At the beginning of Max Frisch’s novella Man in the Holocene, Geiser, the elderly protagonist, is building a pagoda out of crispbread as torrential rains fall upon his Swiss canton of Ticino. The rain continues over several days, triggering landslides and floods and blocking the highway. Bored, Geiser finds another innovative way to keep his failing mind occupied: He clips entries out of the encyclopedia and tacks them to the walls of his house.
He gathers articles on every topic that occurs to him: the creation of the world, the history of his canton, and, more obsessively, the geologic timelines of the Earth, from the Cambrian period of 500,000,000 years ago to the geologic present, known as the Holocene. Soon he’s cutting out every entry he can find about dinosaurs, and then, as the storm intensifies even further, about forms of personal annihilation: getting struck by lightning, memory loss, apoplexy.
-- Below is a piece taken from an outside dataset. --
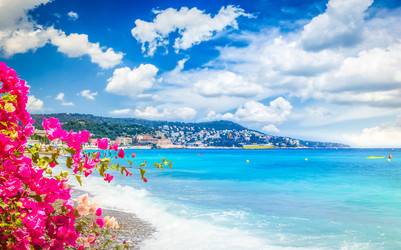 Similar image 22232889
He packs his rucksack and heads toward a mountain that is crumbling in the distance. No sense staying trapped inside a house, he reasons. He ventures into the rain and begins a hike along the mountain’s most dangerous pass, 1,076 meters above sea level. It is there that Geiser’s thoughts finally clear, and he remembers a hike up the Matterhorn with his older brother Klaus when they were both young and adventurous. Klaus was a good brother, Geiser thinks. The highways reopen. The next thing he knows, he is home, and his daughter Corinne, misty-eyed, is making tea.
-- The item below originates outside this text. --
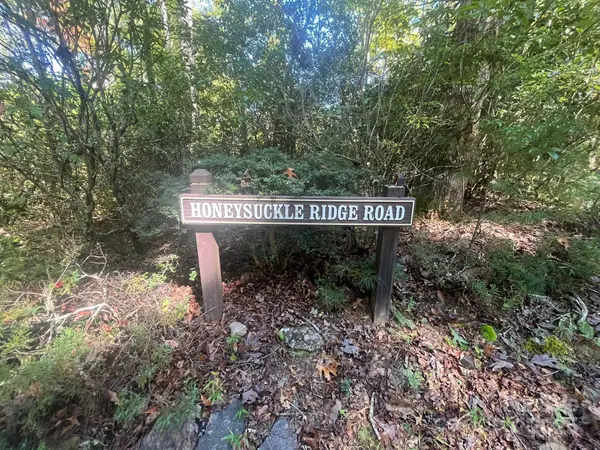 TBD Honeysuckle Ridge Road #Lot 14, Pisgah Forest, NC 28768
Man in the Holocene first appeared in English translation in the May 19, 1980, issue of The New Yorker. The novella then went out of print until the Dalkey Archive, one of our best small presses, reissued it three years ago. Readers can now rediscover Frisch’s philosophical masterwork, a chillingly beautiful portrait of a man who is surrounded by erosion, nature’s and his own, and who struggles for one last moment of clarity in which to make sense of himself and of civilization. Holocene reminds you of the extraordinary cruelty of human existence, and of its stubborn durability. Life may be as fragile and ridiculous as a pagoda made of crispbread, yet it’s also strong enough to withstand epochs of extinction. No matter how hard we try otherwise, we’re still here.